What is needed: Quote all of the data that follows exactly as written, skipping the images.

Recorded information:
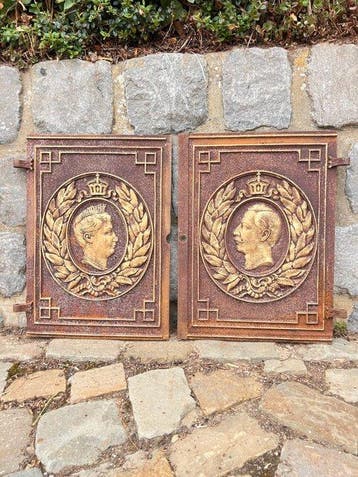 sculptuur, 2 gietijzeren sier-deuren met Keizer Willem II en, Antiek en Kunst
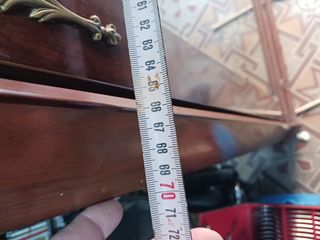 Vitrina de cristal con un cajón vintage 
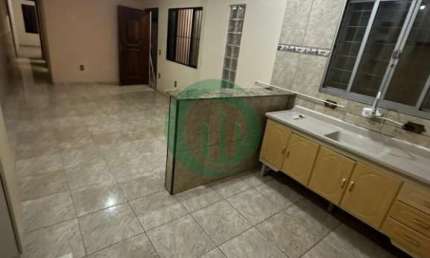 Casa com 2 quartos para alugar no Parque Gerassi, Santo André 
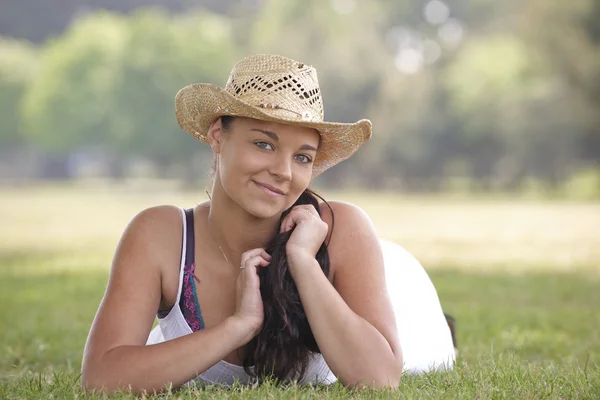 Flicka klädd sommar hatt — Stockfoto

Answer area:
 sculptuur, 2 gietijzeren sier-deuren met Keizer Willem II en, Antiek en Kunst
 Vitrina de cristal con un cajón vintage 
 Casa com 2 quartos para alugar no Parque Gerassi, Santo André 
 Flicka klädd sommar hatt — Stockfoto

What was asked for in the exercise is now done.